His free kicks were cinematic in style, with amazing whips and arcs that would leave ailing goalkeepers glued in position. Beckham’s goal against Greece to earn World Cup qualification for the Three Lions was a seminal English football moment, though he has an equally fantastic catalogue at club level for Manchester United and Real Madrid.
5. Zico
Rolling back the years a little, we turn to Zico. Before the modern era, Zico was bending reality and defying physics with his free-kick acumen.
Nicknamed the “While Pele” (before Wayne Rooney was even born), Zico used short run-ups and deceptive body shapes to con keepers and he was able to find top corners from any distances with minimal back lift.
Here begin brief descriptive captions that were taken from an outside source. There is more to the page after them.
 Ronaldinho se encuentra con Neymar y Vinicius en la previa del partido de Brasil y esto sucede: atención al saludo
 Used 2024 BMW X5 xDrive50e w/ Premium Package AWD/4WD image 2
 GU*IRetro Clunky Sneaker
Zico’s legacy is felt every time a current Brazilian star tries to channel a bit of his memory through their laces.
4. Ronaldinho
Ronaldinho will always be remembered with fondness for the expression and sheer joy he put into every touch. The enigmatic Brazilian approached his free kicks with typical imagination and could hurt opponents from dead balls in any number of ways.
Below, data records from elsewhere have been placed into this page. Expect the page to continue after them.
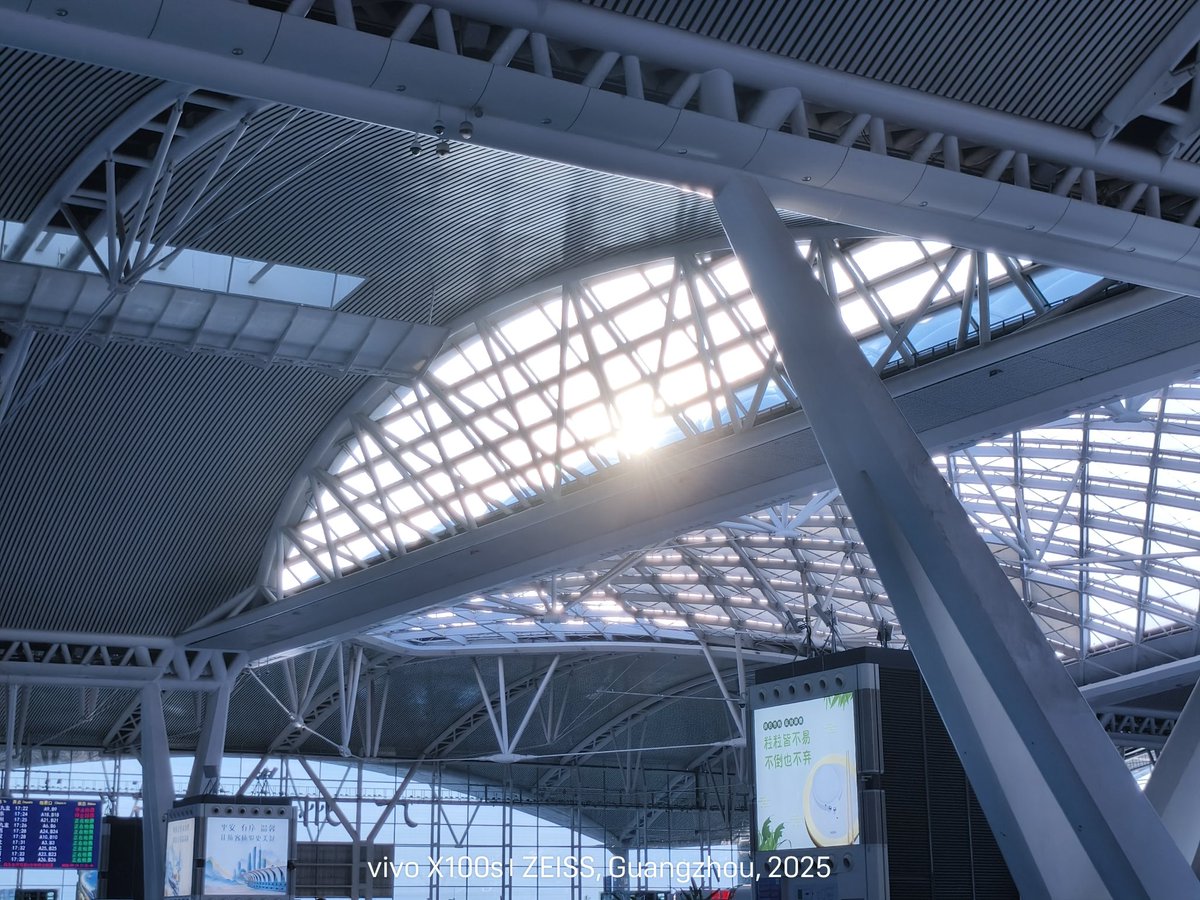 A woman in a relaxed setting, revealing a softer side of her AI persona, AI周淑怡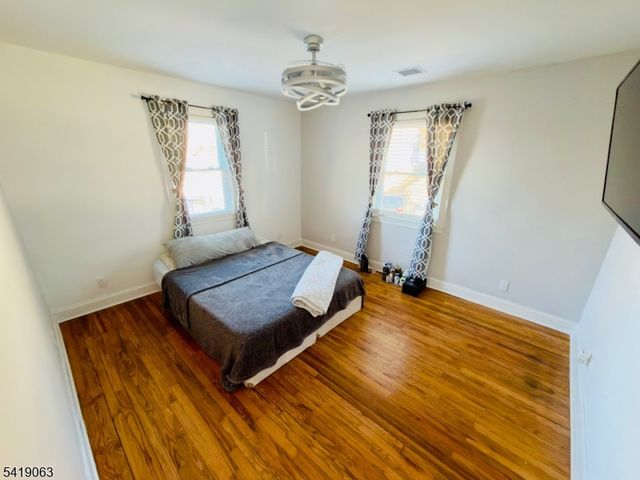 19 South St, Dover Town, NJ 07801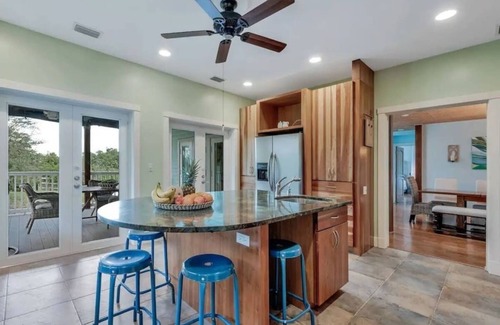 Greenacres Casa | Sleeps 15 - Hidden Bleu Tropical Mansion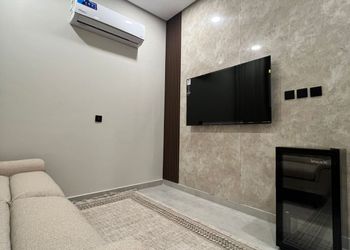 شقة بغرفة معيشة وغرفة نوم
From no-look free kicks and quick-thinking daisy cutters under walls to curling efforts from wide areas and pinpoint finishes, Ronaldinho could do it all. He was a risk-taker who put street football cunning into his set plays and his tally of 55 goals from free kicks points to his potency.
3. Rogerio Ceni
A legend of domestic football in Brazil, goalkeeper Rogerio Ceni was both a shot-stopper and a shot-taker during his epic career with his beloved Sao Paulo between 1993 and 2015.
Ceni was an accomplished keeper who won 17 caps for Brazil, though his prowess during set pieces was phenomenal. The net minder scored a gigantic 130 goals during his career and 59 of those efforts were delivered directly from free kicks.
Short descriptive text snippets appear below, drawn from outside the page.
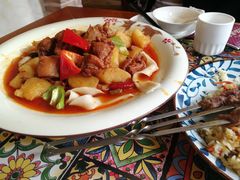 沙湾大盘鸡-西域盛宴烧烤新疆菜清真餐厅(古美店)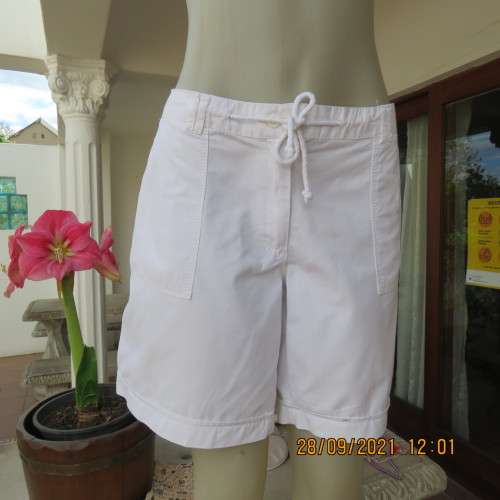 Snow white ladies shorts in cotton with some stretch. Size 40/16. By MOZAIC. As new.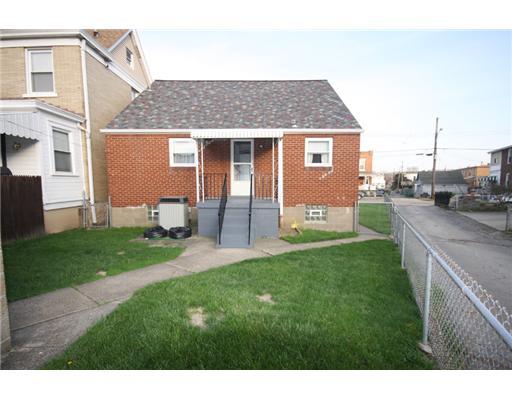 1132 Knox Street McKees Rocks, PA 15136 - Photo 18 of 18 Exterior Back.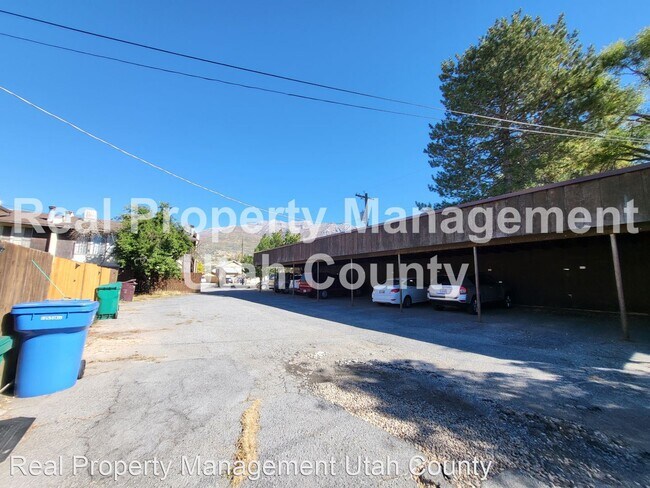 Building Photo - 2 br, 1.5 bath House - 886 N 350 E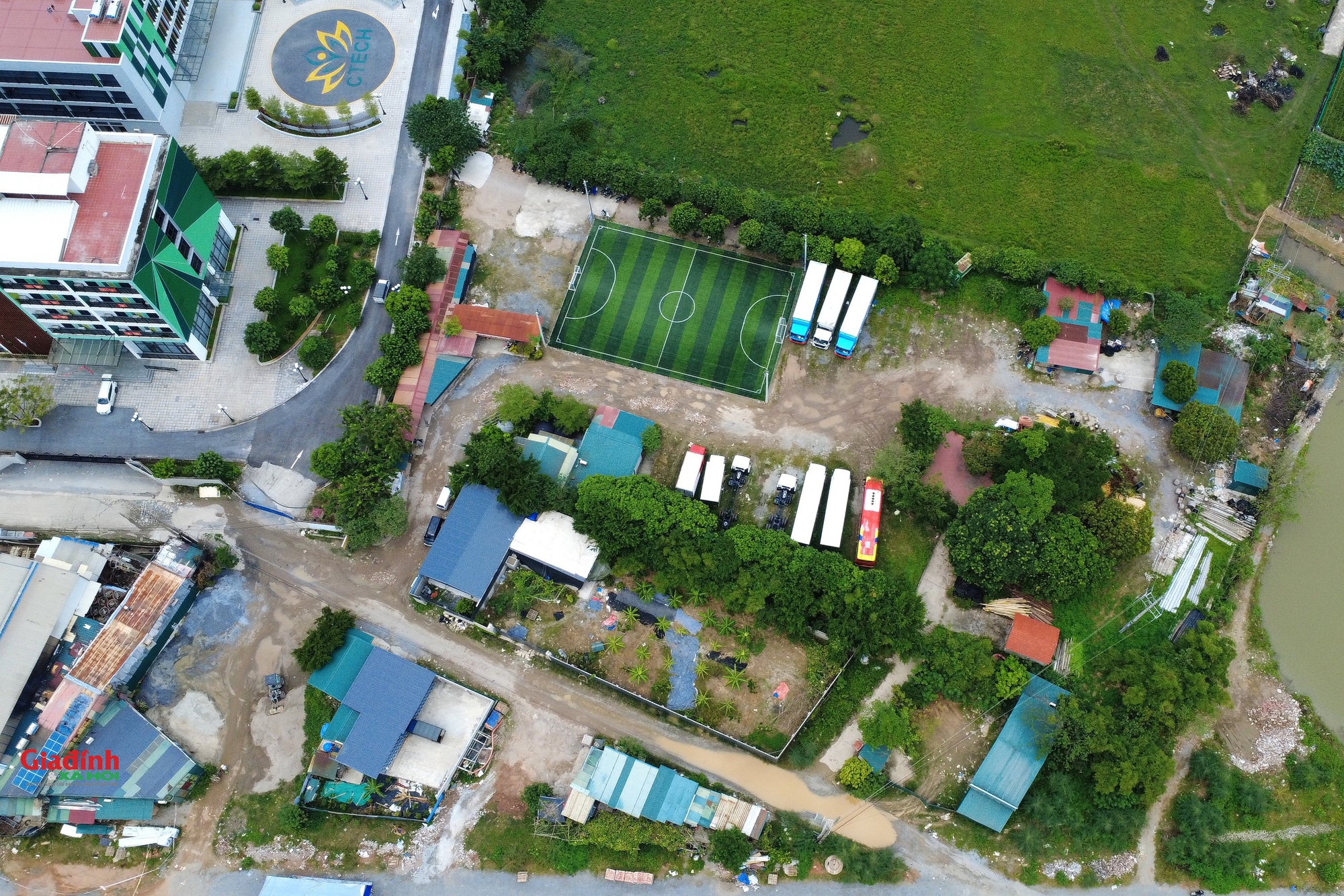Hàng loạt công trình xây dựng sai phép xung quanh hiện trường vụ cháy khiến 4 người tử vong ở Thường Tín - Ảnh 3.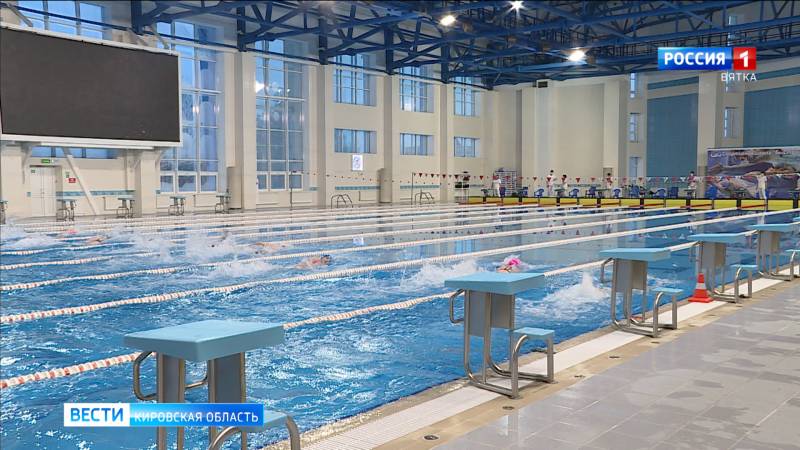 В «Быстрице» проходит зимний чемпионат и первенство области по плаванию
Unsurprisingly, Ceni ranks as the top-scoring goalkeeper of all time – by quite a distance – with the Brazilian scoring almost twice as many as his nearest competitor, Paraguayan star Jose Luis Chilavert.
2. Lionel Messi
Because he is so good at….well….virtually everything else, Lionel Messi’s quality from free kicks tends to go a little under the radar. With the Argentinean, subtlety and precision are usually applied like an elite violinist striking the perfect note under pressure.
Messi is accurate enough to hit a laser dot on the horizon, so he rarely has to opt for power to send free kicks past goalkeepers. The diminutive attacker has whispered half a century of goals over walls and into top corners and his tally is likely to climb higher before he eventually calls time on his incredible career.
A favourite with anytime goalscorer punters on the best online football betting sites, Messi’s magical left foot still has the power to turn a game on its head, particularly from dangerous positions around the edge of the box.
1. Juninho Pernambucano
Ask any football fan to name the best free-kick taker of all time and Juninho will come into the reckoning. The Brazilian maestro could make the ball float, dip, swerve and plunge like a leaf caught in a storm.
Proximity was never an issue, Juninho treated 40-yard punts like tap ins and he was one of the pioneers of the knuckleball technique.
His YouTube highlight reel features one logic-defying strike after another. The former Lyon midfielder remains a reference point for players in the modern era who are keen to hone their own free-kick-taking craft.
According to the statistics, Juninho Pernambucano hit 77 career free-kick goals for club and country, making him football’s most effective weapon ever from dead balls.